本の出版からは8年、映画の公開も終わって、ちょっと“いまさら”ではありますが、今日の平塚への湘南新宿ラインの車内で、この本を読み終えました。
本のカバーにもありますが、映画化もされています。公開は終わっちゃっていますけれど・・・。
「死にゆく妻との旅路」公式サイト
http://www.tabiji-movie.jp/
「死にゆく妻との旅路」 予告編 ~ You Tube
舞台は石川県七尾市。縫製工場を営む主人公が、その人柄の良さで引き受けた保証債務から自分の工場の資金繰りも行き詰まり、ワゴン車で末期の大腸がんの手術を終えたままの妻と二人の“逃避行”を描いた実話です。
七尾の小さな縫製工場で働いていた主人公は気ままな独身生活を続けていましたが、職場恋愛でもある奥さんとの同棲から結婚、そして安価な中国製品に押されて会社の経営が傾き始めたところで人材の整理が始まり、流されるような形で独立。
厳しいながらも一生懸命休まずに働いてさえ居れば何とか妻と一人娘、そして社員分の食い扶持は何とかなったでしょうに、引き受けた連帯保証人の債務で自分の工場も潰してしまうことに。
結婚から就職などの流れなんて、誰しも同じようなところがあるのかな?などと、ちょっと清水さんに親近感を持ってしまいました。
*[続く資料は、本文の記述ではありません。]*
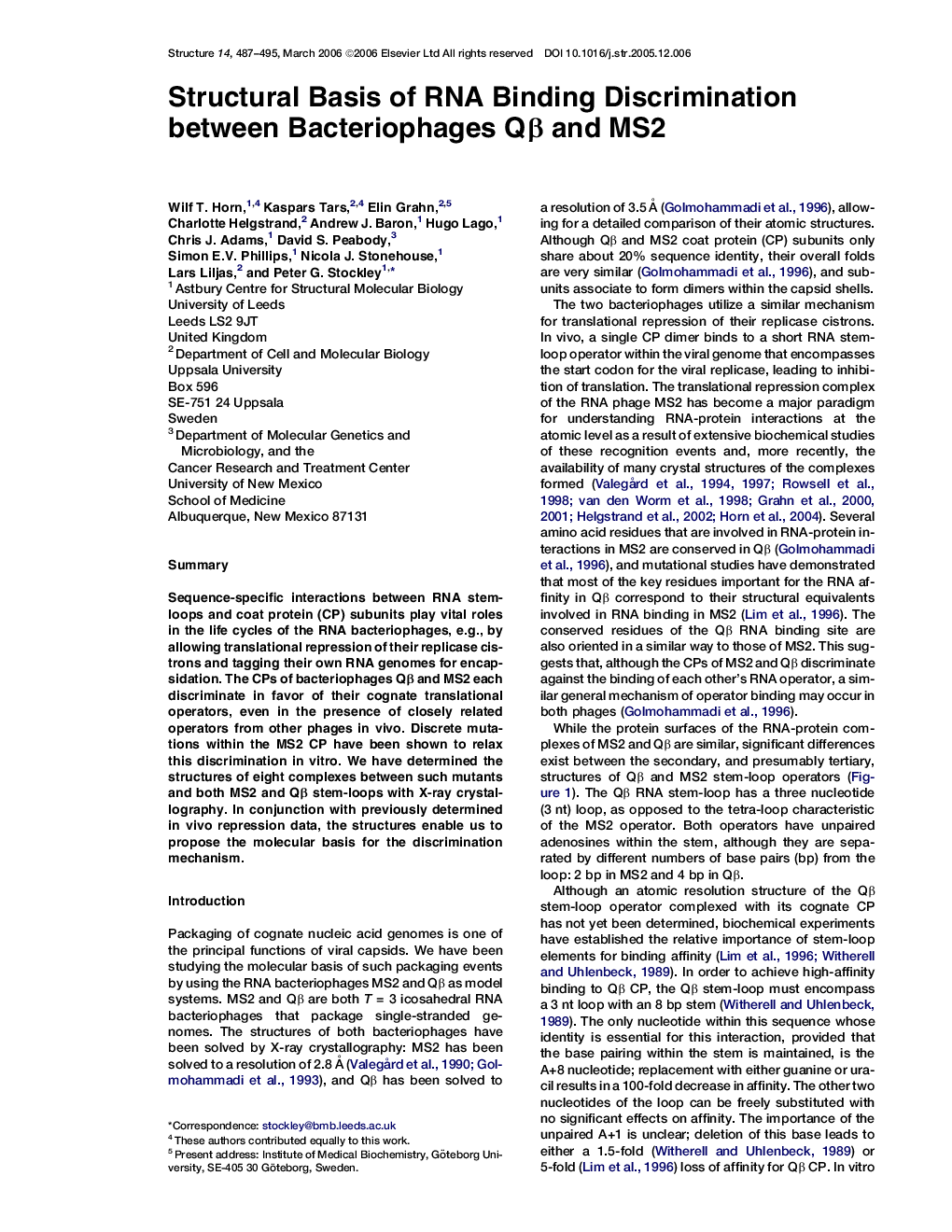 Structural Basis of RNA Binding Discrimination between Bacteriophages Qβ and MS2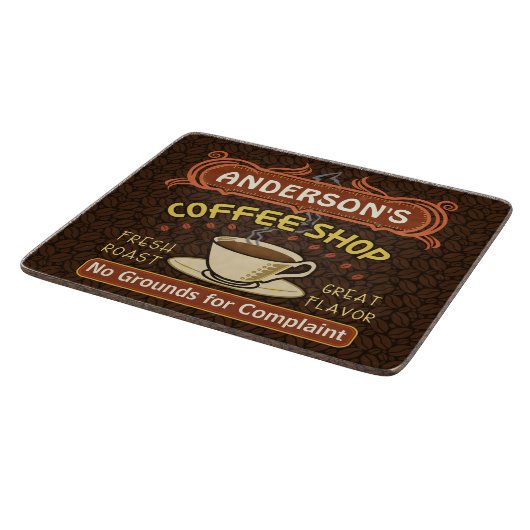 Kaffee-Geschäft mit der Tasse schaffen Ihr eigenes Schneidebrett (Ecke)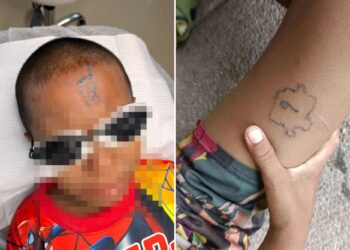 Un collage de imágenes que contiene 2 imágenes. La imagen 1 muestra un tatuaje de matones escolares 'p***y' en la cabeza de un compañero de clase en Tailandia. La imagen 2 muestra un tatuaje de matones escolares 'p***y' en la cabeza de un compañero de clase en Tailandia.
私自身、女性に対して恋愛感情って抱いたことがないので、なんとなく結婚まで行ってしまったところなど、私だけじゃないんだって何だか安心してしまったり。。。
翻って、保証人になったり、周囲から頼まれて独立したりってところは、私も同じ行動をしてしまいそうです。ただ清水さんと私が決定的に違うのは、私には信頼に足る配偶者が・・・以下略・・・
清水さんの行動を批判するのは容易いです。末期がんの奥さんをワゴン車の中で閉じ込めて引っ張りまわしていたと言われても、外見上は否定出来ませんから。
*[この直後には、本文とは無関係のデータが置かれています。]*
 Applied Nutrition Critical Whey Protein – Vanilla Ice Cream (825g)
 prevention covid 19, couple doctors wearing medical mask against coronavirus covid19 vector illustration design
それでも、結婚以来夫婦で働き詰めだった二人が、この非常事態を機に「二人の時間」の尊さに気付き、殆どゼロに近い延命の可能性にかけるよりも残りの時間を共に過ごすことに重きを置いたとして、それは誰も批判は出来ない・・・と思うのです。
何より、この作品は私には身近過ぎます。
私の実家の中能登町は、清水さんの工場のある七尾の隣町。中能登でも縫製工場の倒産・夜逃げは日常茶飯事でした。それもこれも、中国からの安価な製品の流入が原因です。子供の頃、田んぼの畦道で聞こえていた縫製工場の大型織機の音が、昭和50年代の後半から消え始め、ついには姿を消してしまいましたから。
私の親族でも、同じように農閑期に縫製工場を経営していて、多額の借金を背負って破産して、そのあとアルコール中毒になって亡くなった伯父もいました。だから余計に、この本の描かれる世界は人事ではありませんでした。
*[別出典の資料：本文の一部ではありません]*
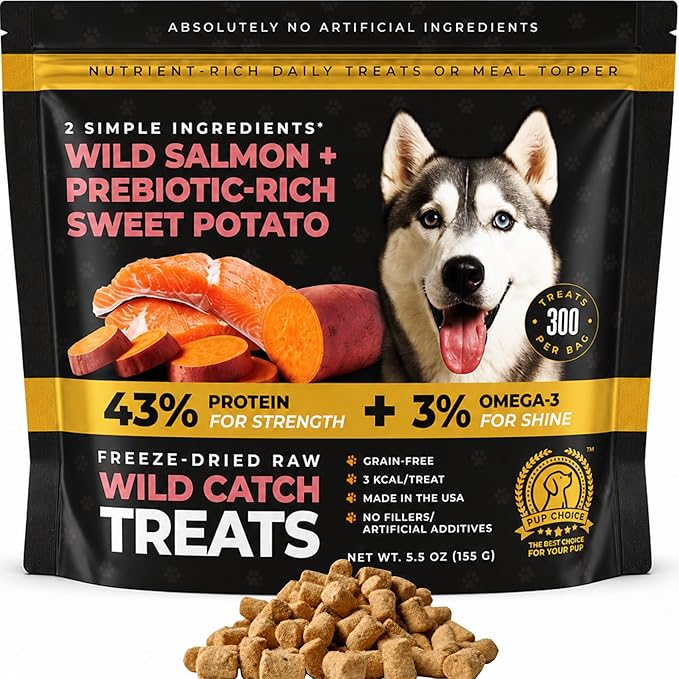 Wild Catch Treats – Freeze Dried Salmon & Sweet Potato Dog Treats – Single Protein, 43% Protein, 3% Omega-3 – Raw Training Treats & Meal Topper – Grain Free – 5.5 oz (300 Count)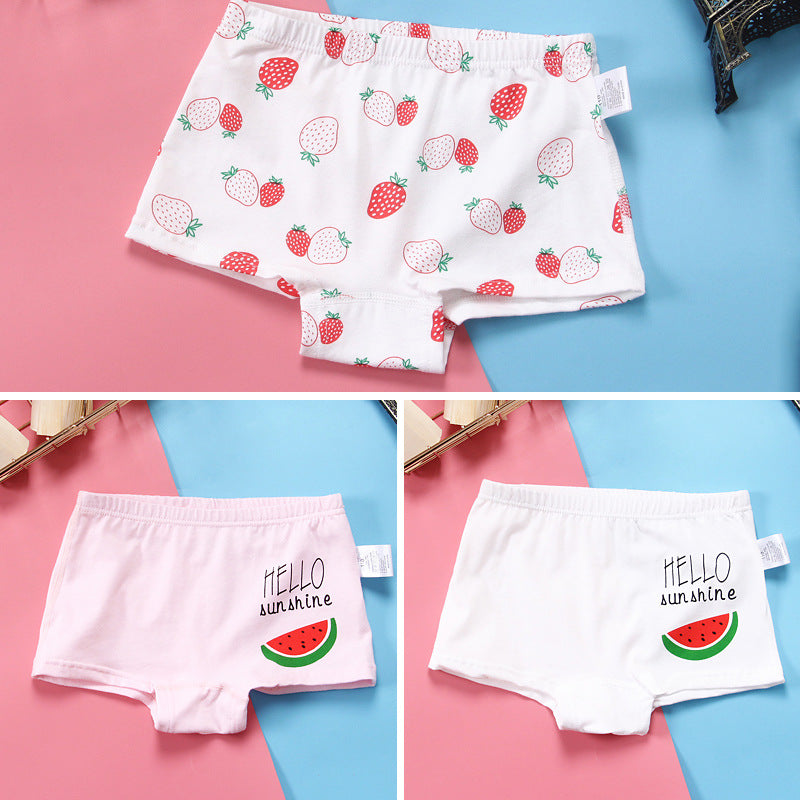 Children'S Antibacterial Underwear, Pure Cotton Breathable Boxer Shorts, Girls' Baby Boxer Shorts, Boneless And Comfortable Tide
能登は、旅行者には優しいですが、地元民同士はとても厳しいです。お互いにお互いを監視しあっているようなところがあり、余所者を受け付けないところがあります。「破産したらこの辺に住めん」って言うのは本当です。だから夜逃げになってしまうのです。
この本の内容は、普通であれば涙腺崩壊するような内容なのですけれど、私にとっては問題が卑近過ぎて、どんな悲惨な状況でも冷静に「そうだよな・・・」としか、感じることはありませんでした。
ただ、清水さんの、亡くなられた奥さんへの思いの複雑さが、あまり上手とは言えない文章の端々に感じられこそすれ、読み物としては内容を理解するのに2~3回読み返さなければ分からないことも多く、読みづらいところは多かったです。
それでも、このような状況に置かれた人の精神状態で、良くここまでまとめたものだな・・・と言うのが、率直な私の思いです。私が同じ立場なら、自分の気持ちが先走りすぎて冷静に文章を書くことなど出来なくなってしまうでしょうから。
しかし、映画に描かれる景色のなんと懐かしいこと。
能登は、北陸は自然こそ厳しいですが、その分人と人との結びつきは、強くなっているように、思います。
最後の瞬間の前に、「二人」の時間を過ごしたひとみさんは、どのような思いで、旅立っていったのでしょうか?